## ACTIVITY
Leave out the pictures and repeat every record exactly.

[Image-caption web data]

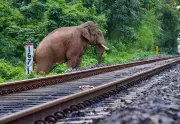 Railway Officials Honoured for Halting 12 Trains to Save 22 Elephants in Jharkhand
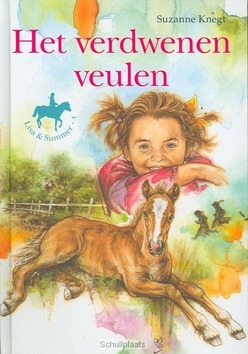 VERDWENEN VEULEN - KNEGT, S. - 9789033630033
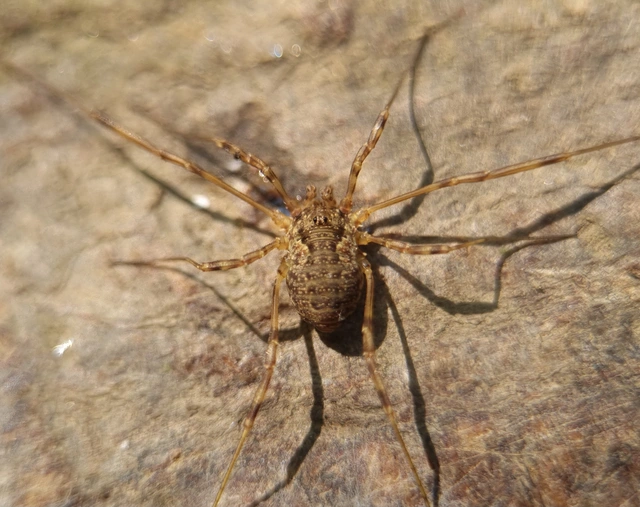 Opiliones - Kaszáspókok
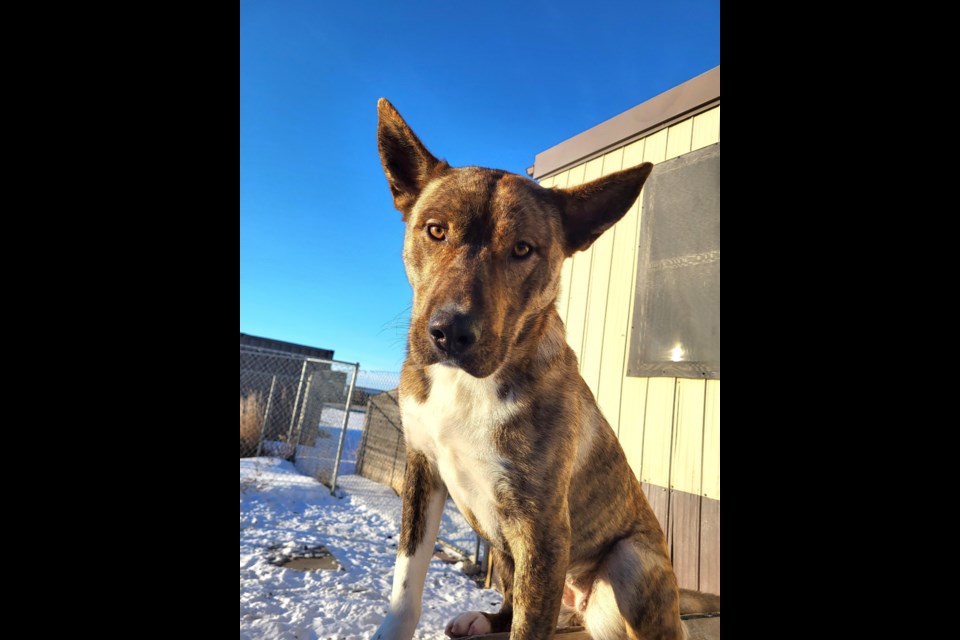 Chili, a female dog that has been at the Bonnyville shelter for the past five months. Photo supplied. 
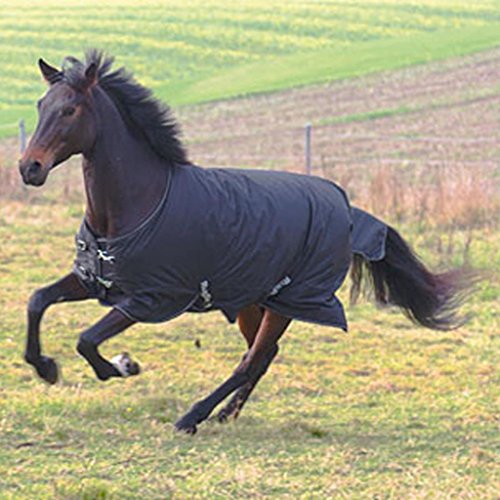 Kerbl RugBe 200 326128 Manta para Caballo, para Invierno, 135 cm, Color Negro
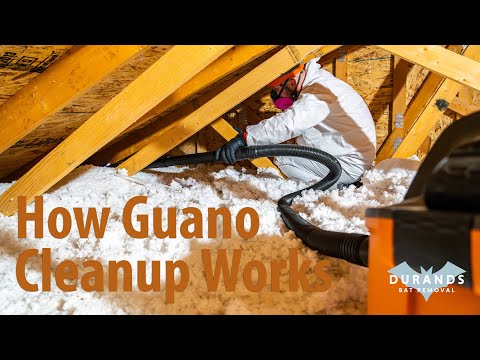 Is Bat Guano Dangerous? | When Guano Clean Up is Necessary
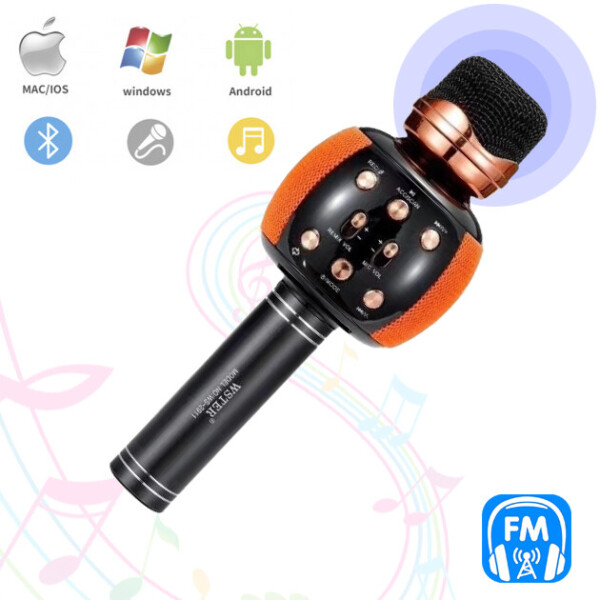

Караоке микрофон с колонкой и FM радио беспроводной вокальный портативный Bluetooth Wster Karaoke WS-2911 Золотой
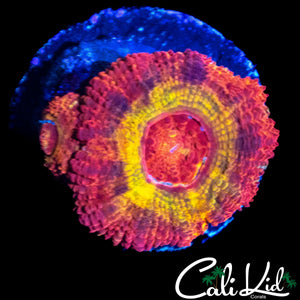 CK DIRTY LEPRECHAUN ACAN DOUBLE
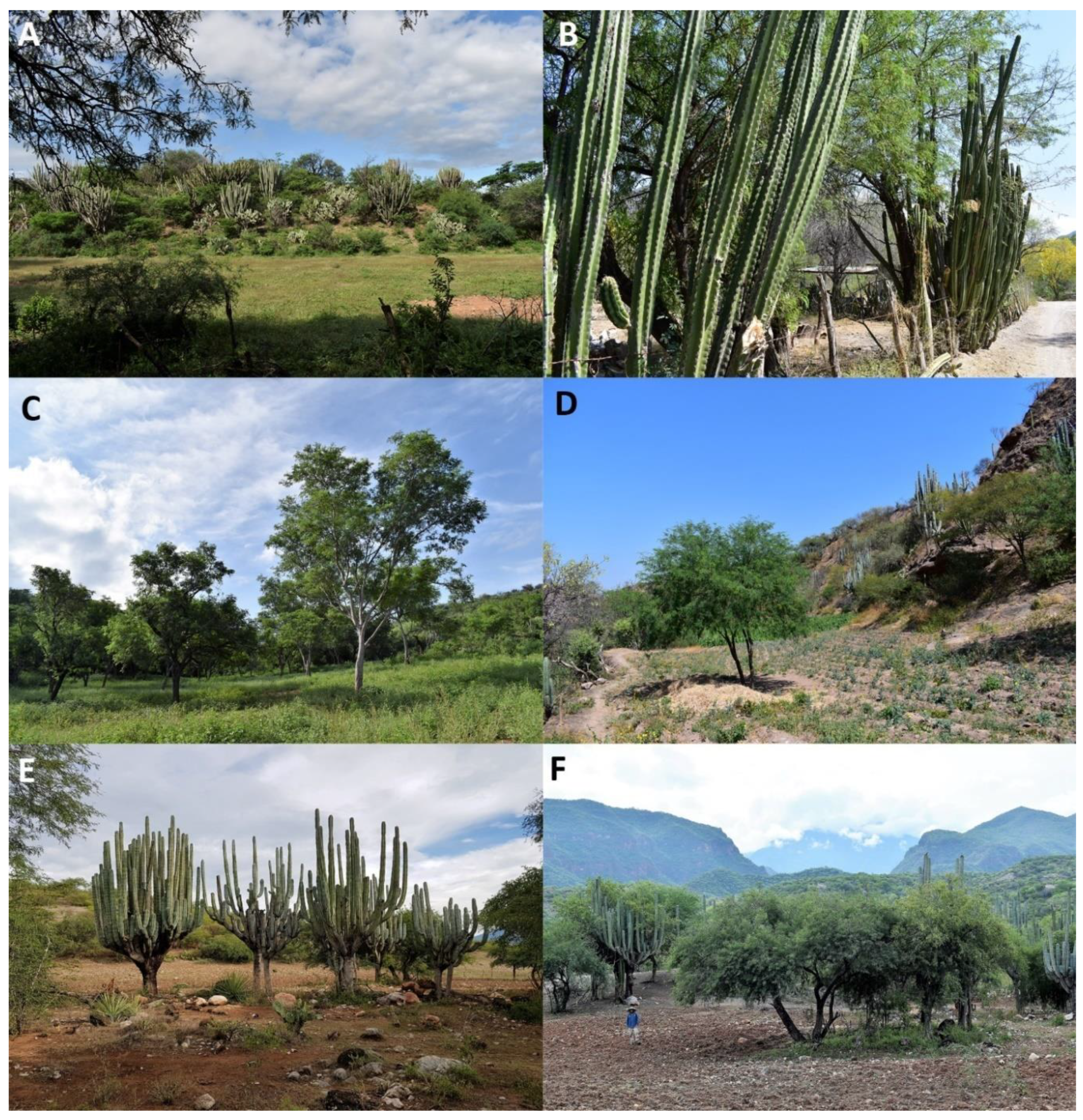 Sustainability Free Full Text Traditional Agroforestry Systems And Conservation Of Native Plant Diversity Of Seasonally Dry Tropical Forests Html Sustainability Free Full Text Traditional Agroforestry Systems And Conservation Of Native Plant Diversity Of Seasonally Dry Tropical Forests Html
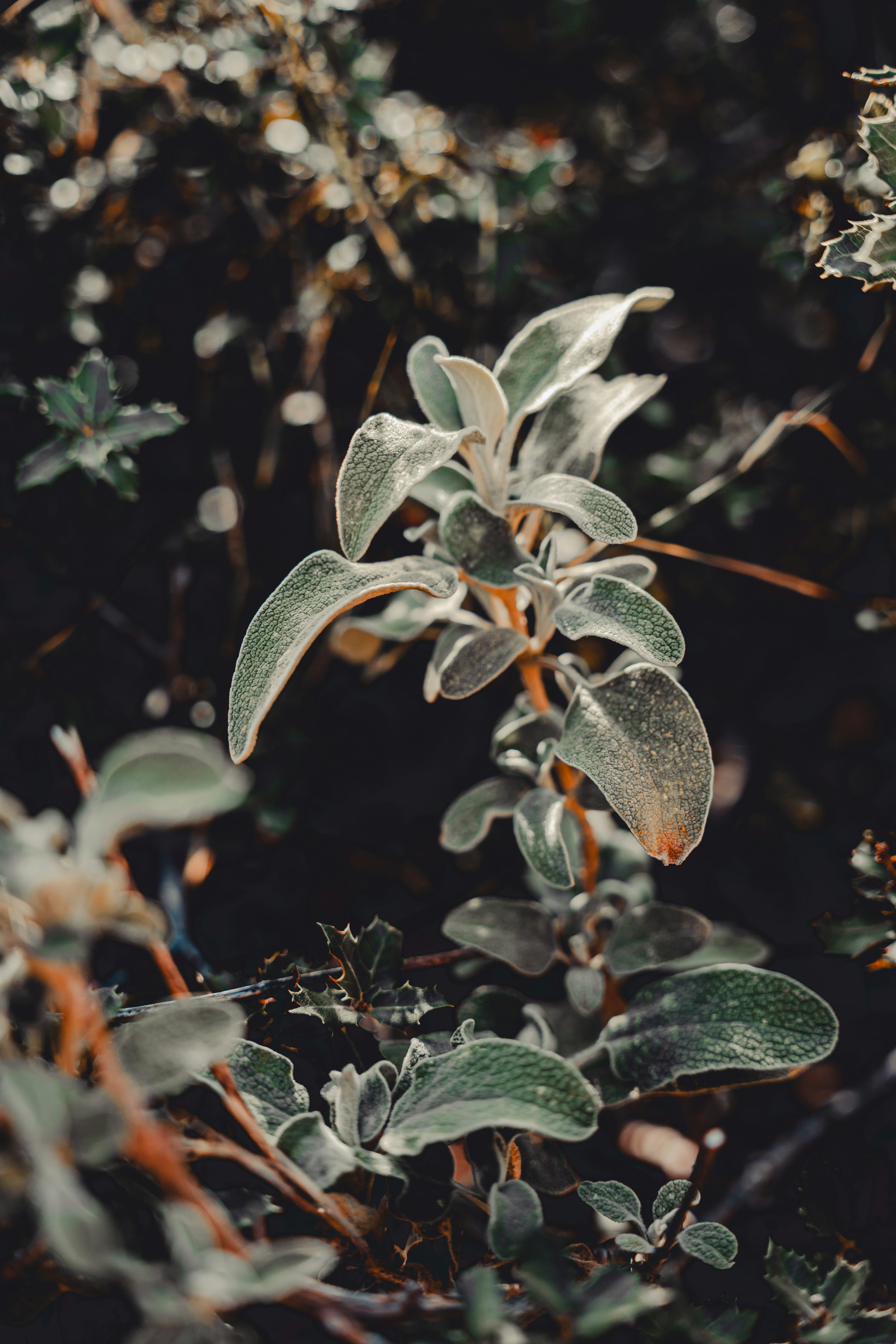 Photo by wojtekpaczes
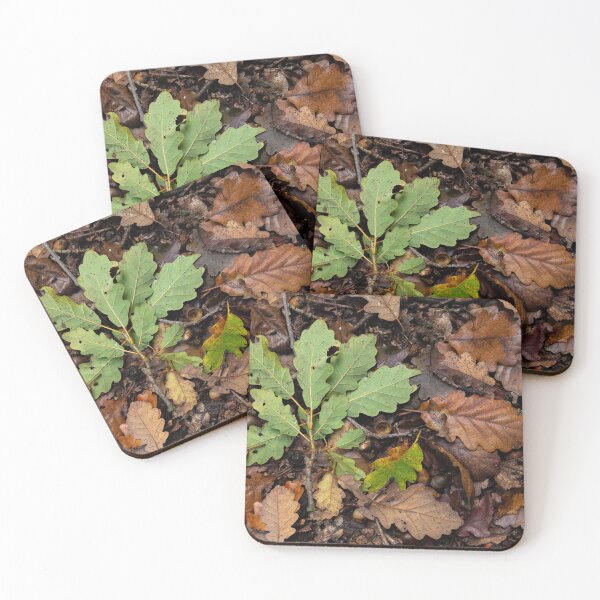 Item preview, Autumn leaves designed and sold by Francesko221.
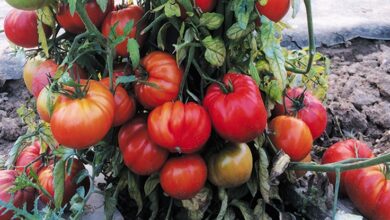 Les tomates d’Anicet 1 Les tomates d’Anicet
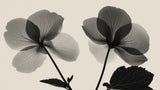Black and white Begonia X-ray design file showing intricate floral pattern and transparent petal details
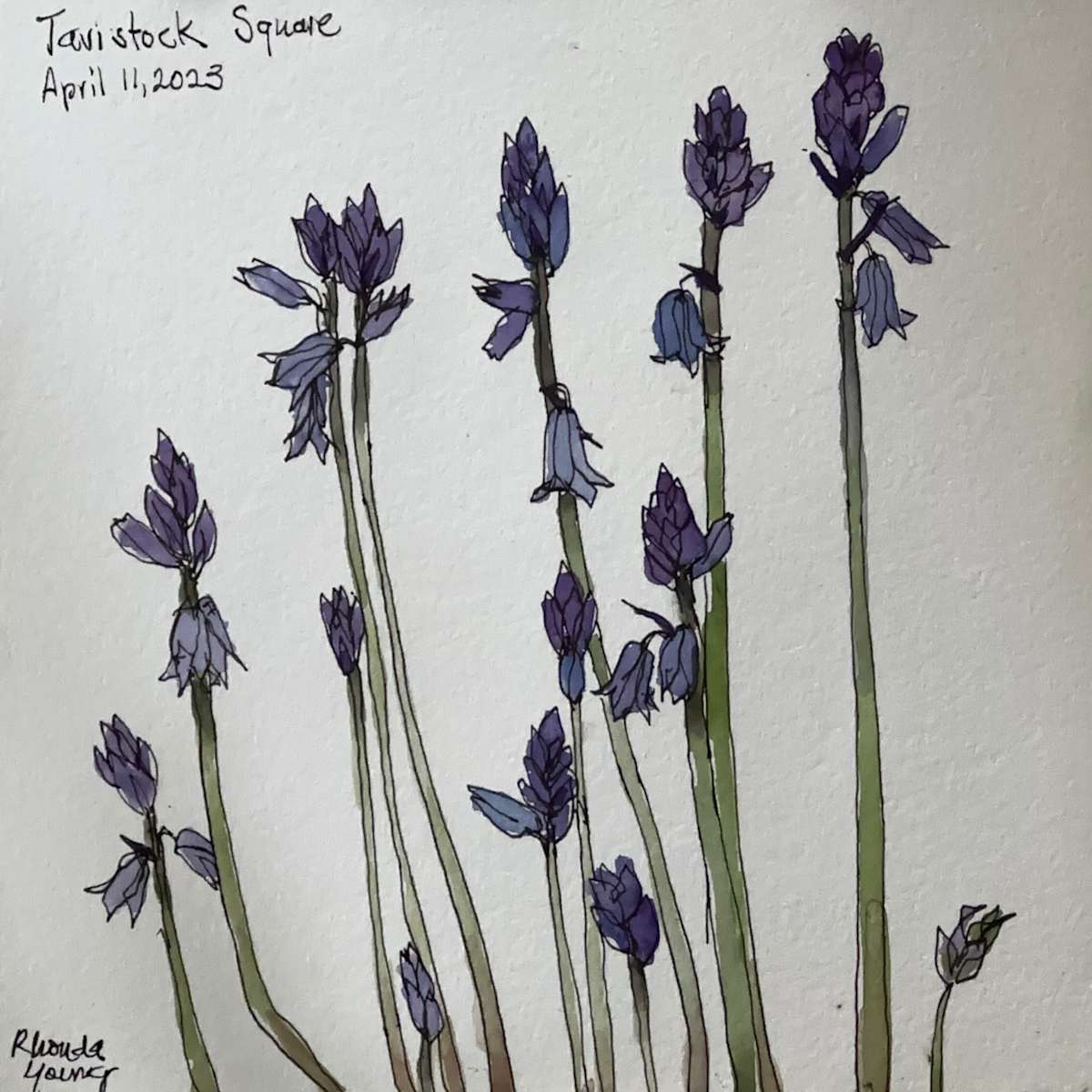 Bluebells, Tavistock Square by Rhonda Young, Image 2.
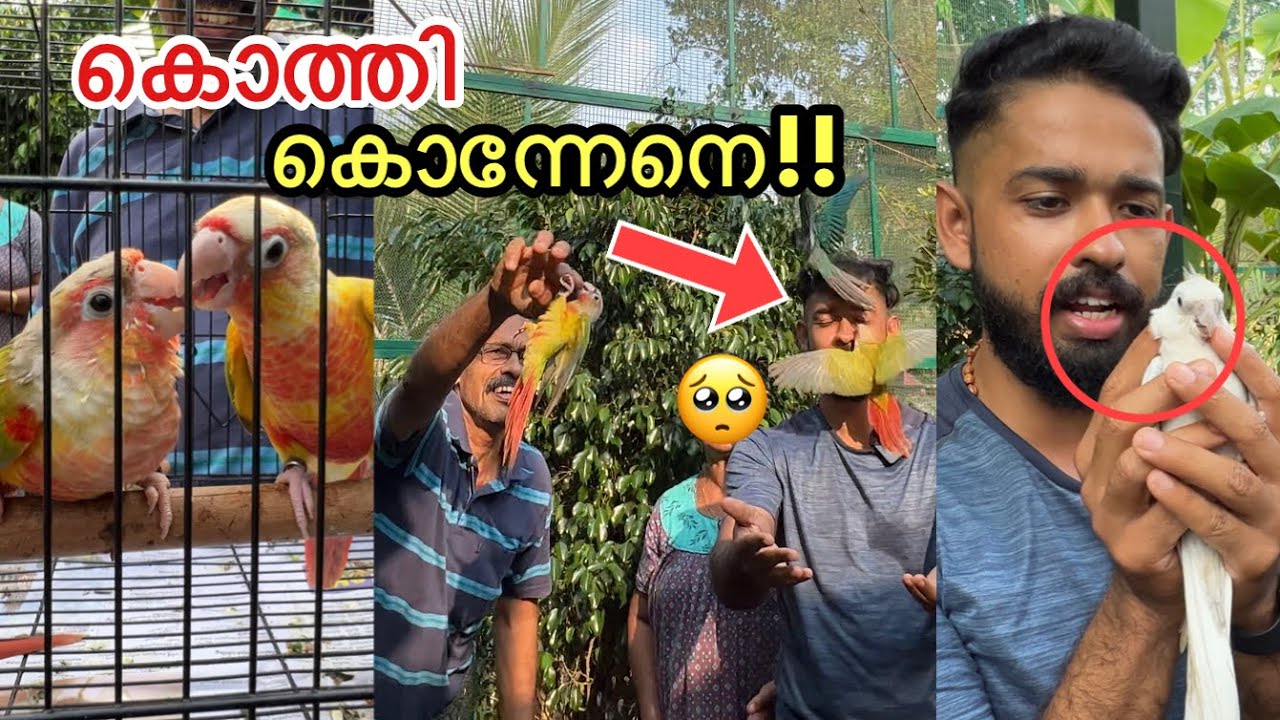 കിളികളെ ഒരുമിച്ച് ഇട്ടതാ..ആരും ഇങ്ങനെ ചെയ്യരുത്!! | Birds Fighting Each other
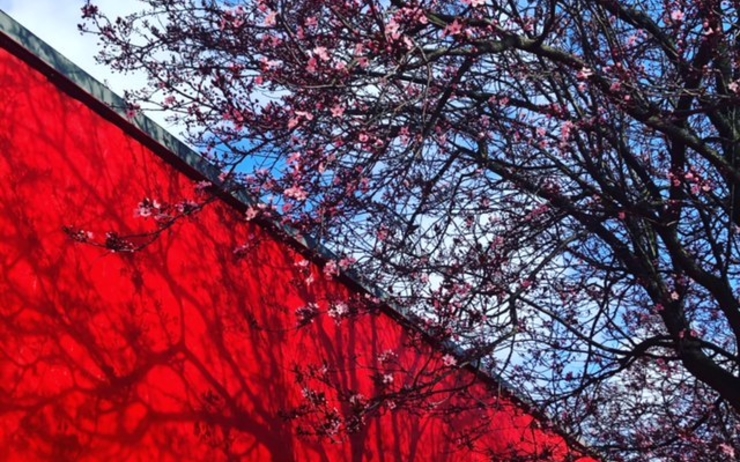 Le printemps à Copenhague avec arbres en fleurs
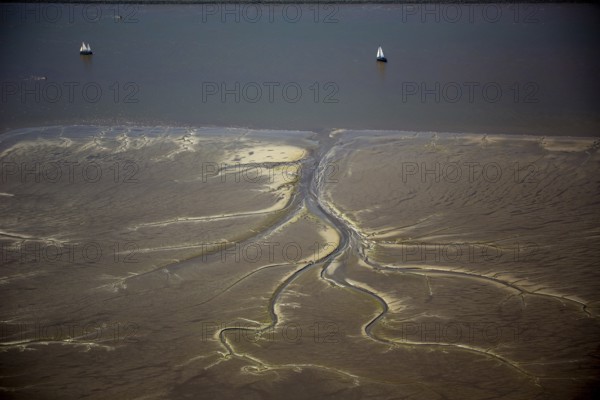 Elbe, tidal flats at low tide on an island in the Elbe near Wedel and Jork, Wedel, Lower Saxony, Germany, Free and Hanseatic City of Hamburg, Europe, aerial photograph, birds-eyes view, aerial photography, aerial photography, overview, bird's eye view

## RESPONSE BELOW
 Railway Officials Honoured for Halting 12 Trains to Save 22 Elephants in Jharkhand
 VERDWENEN VEULEN - KNEGT, S. - 9789033630033
 Opiliones - Kaszáspókok
 Chili, a female dog that has been at the Bonnyville shelter for the past five months. Photo supplied. 
 Kerbl RugBe 200 326128 Manta para Caballo, para Invierno, 135 cm, Color Negro
 Is Bat Guano Dangerous? | When Guano Clean Up is Necessary

Караоке микрофон с колонкой и FM радио беспроводной вокальный портативный Bluetooth Wster Karaoke WS-2911 Золотой
 CK DIRTY LEPRECHAUN ACAN DOUBLE
 Sustainability Free Full Text Traditional Agroforestry Systems And Conservation Of Native Plant Diversity Of Seasonally Dry Tropical Forests Html Sustainability Free Full Text Traditional Agroforestry Systems And Conservation Of Native Plant Diversity Of Seasonally Dry Tropical Forests Html
 Photo by wojtekpaczes
 Item preview, Autumn leaves designed and sold by Francesko221.
 Les tomates d’Anicet 1 Les tomates d’Anicet
Black and white Begonia X-ray design file showing intricate floral pattern and transparent petal details
 Bluebells, Tavistock Square by Rhonda Young, Image 2.
 കിളികളെ ഒരുമിച്ച് ഇട്ടതാ..ആരും ഇങ്ങനെ ചെയ്യരുത്!! | Birds Fighting Each other
 Le printemps à Copenhague avec arbres en fleurs
 Elbe, tidal flats at low tide on an island in the Elbe near Wedel and Jork, Wedel, Lower Saxony, Germany, Free and Hanseatic City of Hamburg, Europe, aerial photograph, birds-eyes view, aerial photography, aerial photography, overview, bird's eye view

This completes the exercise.